TASK REQUIREMENTS:
Please repeat the lines below, exactly and only, from the one that holds "Persona by Marina" through the one that holds "Пряжа Yarnart Dolce".

RECORDS FOR THE EXERCISE:
··········
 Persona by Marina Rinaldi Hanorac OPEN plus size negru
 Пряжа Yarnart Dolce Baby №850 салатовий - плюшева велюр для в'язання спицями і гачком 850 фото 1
··········
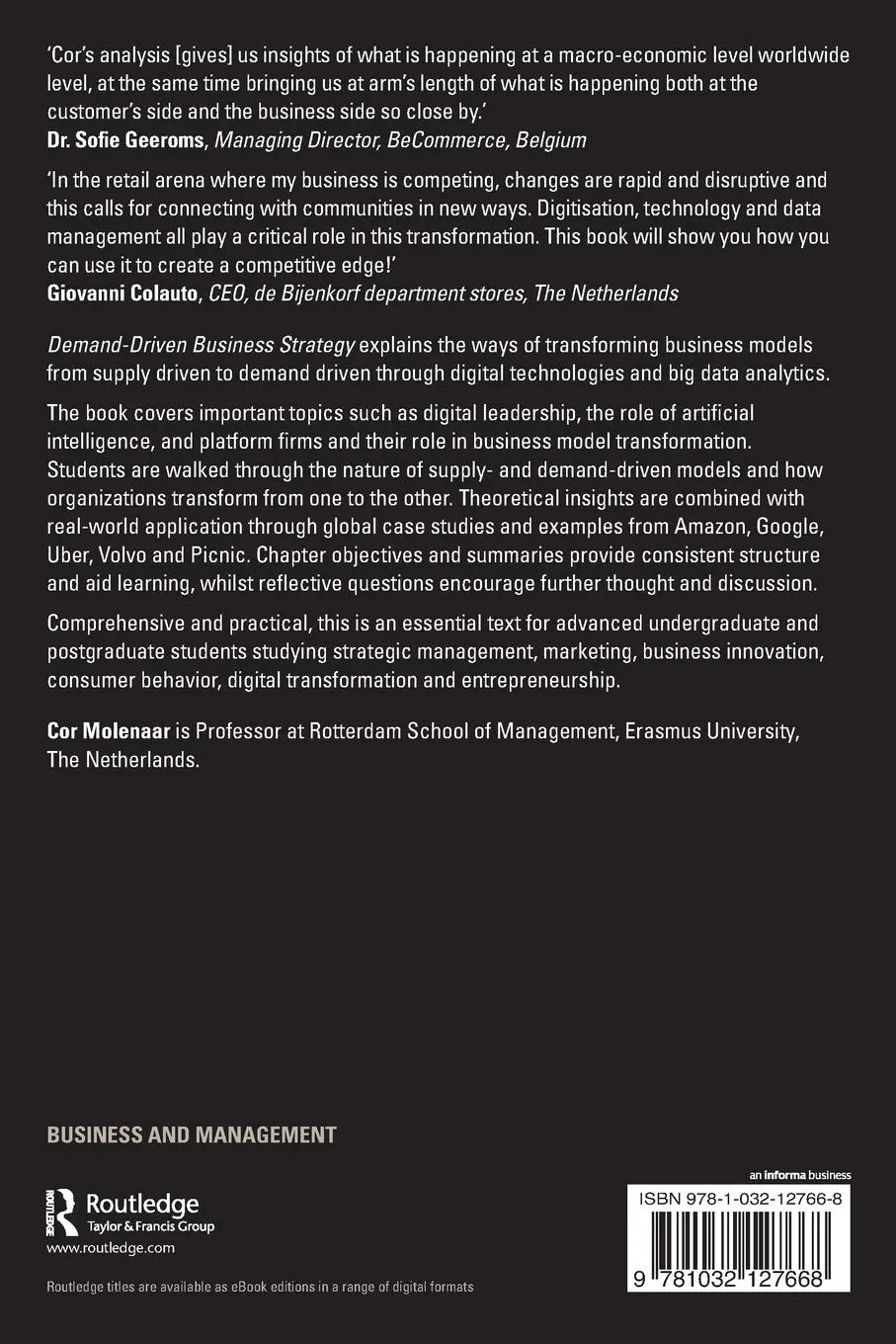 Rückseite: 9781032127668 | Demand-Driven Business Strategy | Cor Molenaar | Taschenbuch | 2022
··········
EXERCISE RESPONSE:
 Persona by Marina Rinaldi Hanorac OPEN plus size negru
 Пряжа Yarnart Dolce Baby №850 салатовий - плюшева велюр для в'язання спицями і гачком 850 фото 1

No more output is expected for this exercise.